▸ What is needed
Only the lines from the one containing "14K Solid White" to the end of the data should be copied, exactly and without pictures.

▸ Data block
§ §
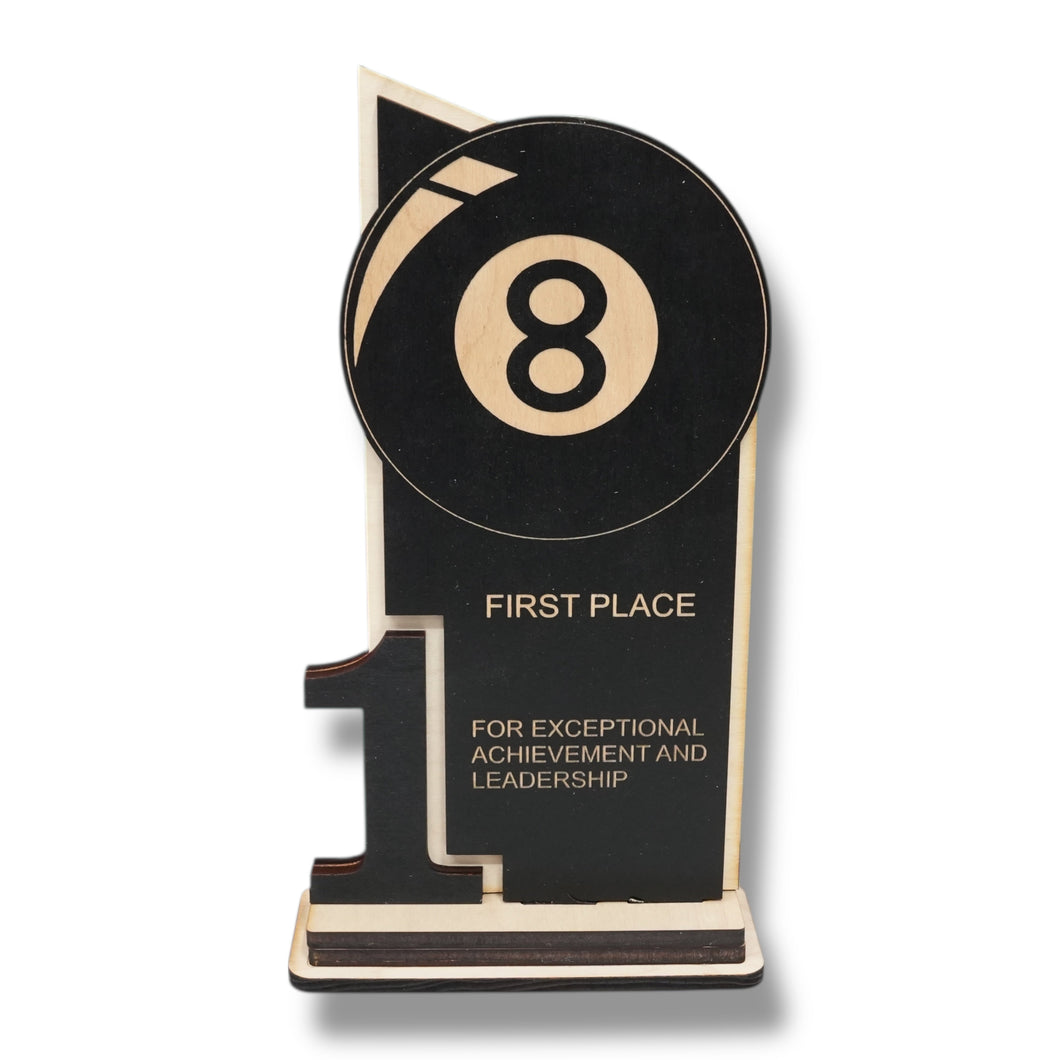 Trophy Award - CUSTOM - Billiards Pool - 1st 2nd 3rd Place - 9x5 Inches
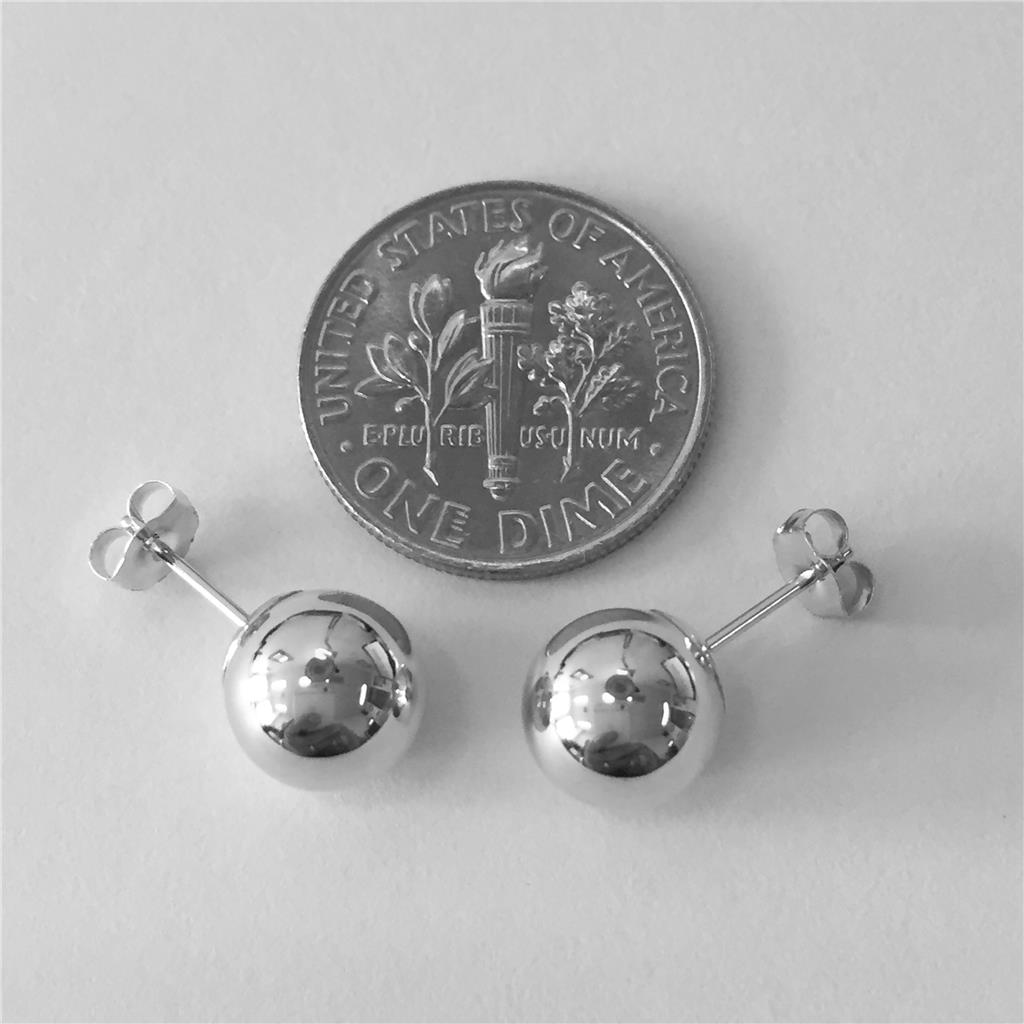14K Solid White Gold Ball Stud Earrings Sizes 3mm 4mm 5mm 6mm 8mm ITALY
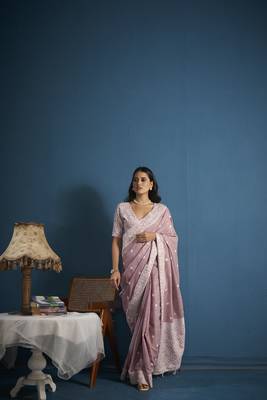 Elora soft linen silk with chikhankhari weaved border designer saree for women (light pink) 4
§ §
▸ Result of the exercise
14K Solid White Gold Ball Stud Earrings Sizes 3mm 4mm 5mm 6mm 8mm ITALY
 Elora soft linen silk with chikhankhari weaved border designer saree for women (light pink) 4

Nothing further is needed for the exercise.